Following Abbas' dissolution of the Palestinian government in the wake of Hamas' seizure of Gaza, the Post goes on to note:

U.S. officials signaled that they will move quickly to persuade an international peace monitoring group -- known as the Quartet -- to lift aid restrictions on the Palestinian government, allowing direct aid to flow to the West Bank-based emergency government that Abbas will lead.

"There is no more Hamas-led government. It is gone," said a senior administration official, speaking on the condition of anonymity because the administration must still consult with other members of the Quartet. He said that humanitarian aid will continue to Gaza, but that the dissolution of the Palestinian government is a singular moment that will allow the United States and its allies to create a "new model of engagement."

The evolving U.S. strategy would let the Hamas-run Gaza Strip fend for itself while attempting to bolster Abbas as a moderate leader who can actually govern and deliver peace with Israel. The senior administration official noted that Gaza has no territorial issues with Israel, since there are no Israelis in Gaza, so the Hamas entity there would have no stake in potential peace talks concerning the border on the West Bank.
Whether the further empowerment of Fatah has a chance of "succeeding" -- from the American point of view -- is to be determined, but it doesn't look likely. After all, it's pretty clear that Abbas has sacrificed whatever political credibility he might have had on the back of "American aid." His standing with Palestinians decreases with each day.

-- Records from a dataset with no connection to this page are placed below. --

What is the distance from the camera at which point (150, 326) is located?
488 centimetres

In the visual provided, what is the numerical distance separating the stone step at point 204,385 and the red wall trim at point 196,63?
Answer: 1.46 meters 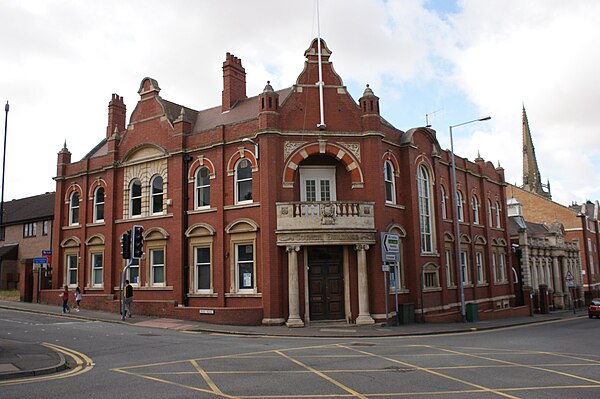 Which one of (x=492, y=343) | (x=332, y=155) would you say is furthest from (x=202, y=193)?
(x=492, y=343)

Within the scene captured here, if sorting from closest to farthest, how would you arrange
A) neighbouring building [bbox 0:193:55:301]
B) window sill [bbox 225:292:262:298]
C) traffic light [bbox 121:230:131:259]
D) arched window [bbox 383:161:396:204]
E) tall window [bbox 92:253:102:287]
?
traffic light [bbox 121:230:131:259], window sill [bbox 225:292:262:298], arched window [bbox 383:161:396:204], tall window [bbox 92:253:102:287], neighbouring building [bbox 0:193:55:301]

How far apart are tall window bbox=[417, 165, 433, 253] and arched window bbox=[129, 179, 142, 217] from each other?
15270 millimetres

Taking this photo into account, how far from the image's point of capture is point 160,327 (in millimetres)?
21828

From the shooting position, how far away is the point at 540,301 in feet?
129

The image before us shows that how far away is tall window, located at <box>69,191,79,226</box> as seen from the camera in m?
32.4

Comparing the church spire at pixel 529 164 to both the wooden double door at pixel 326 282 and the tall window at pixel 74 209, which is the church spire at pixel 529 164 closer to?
the wooden double door at pixel 326 282

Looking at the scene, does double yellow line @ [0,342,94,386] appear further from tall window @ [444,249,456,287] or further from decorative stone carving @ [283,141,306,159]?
tall window @ [444,249,456,287]

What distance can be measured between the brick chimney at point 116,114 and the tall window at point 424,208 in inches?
778

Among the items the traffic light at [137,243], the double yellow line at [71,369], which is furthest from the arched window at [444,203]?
the double yellow line at [71,369]

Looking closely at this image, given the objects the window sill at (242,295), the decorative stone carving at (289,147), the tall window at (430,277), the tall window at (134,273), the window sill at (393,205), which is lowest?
the window sill at (242,295)

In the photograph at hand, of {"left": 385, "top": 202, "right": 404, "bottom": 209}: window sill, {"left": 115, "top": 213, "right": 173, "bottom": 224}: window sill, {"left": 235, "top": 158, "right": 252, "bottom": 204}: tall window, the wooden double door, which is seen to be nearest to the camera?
the wooden double door

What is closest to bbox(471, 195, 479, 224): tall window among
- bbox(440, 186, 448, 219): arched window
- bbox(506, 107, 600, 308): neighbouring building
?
bbox(440, 186, 448, 219): arched window

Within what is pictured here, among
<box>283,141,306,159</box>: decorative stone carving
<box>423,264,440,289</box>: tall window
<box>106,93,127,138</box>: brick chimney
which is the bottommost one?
<box>423,264,440,289</box>: tall window

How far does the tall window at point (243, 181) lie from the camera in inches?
973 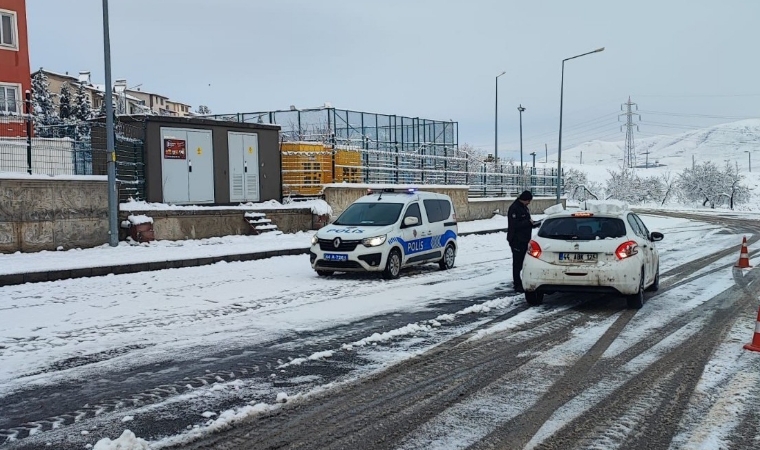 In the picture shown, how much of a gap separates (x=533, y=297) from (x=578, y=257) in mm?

Press reporters might swallow the line offered earlier today by Tony Snow that Palestinians have to "sort out" their own situation, but the real story is quite different. As Tony Karon points out:
Everyone following the conflict in Gaza knows full well that the reason for the violence is not that Palestinians have not "sorted out their politics" — they’ve made their political preferences abundantly clear in democratic elections, and later in a power-sharing agreement brokered by the Saudis. The problem is that the U.S. and the corrupt and self-serving warlords of Fatah did not accept either the election result or the unity government, and have conspired actively ever since to reverse both by all available means, including starving the Palestinian economy of funds, refusing to hand over power over the Palestinian Authority to the elected government, and arming and training Fatah loyalists to militarily restore their party’s power. Unfortunately, after three days of some of the most savage fighting ever seen in Gaza, that strategy now lies in tatters. Fatah is, quite simply, no longer a credible fighting force in Gaza, where it has long been in decline as a credible political force.
Karon goes on to conclude that, "given their spectacular inability to comprehend the reasons for their defeats in the Palestinian territory, I don’t expect the U.S. to begin engaging pragmatically with the reality of Hamas as an indispensable component of the Palestinian leadership." So what's the logical endpoint? How about "a 'Bay of Pigs' type invasion of Gaza," using the more thuggish elements of Abbas' entourage flowing over the border from Egypt.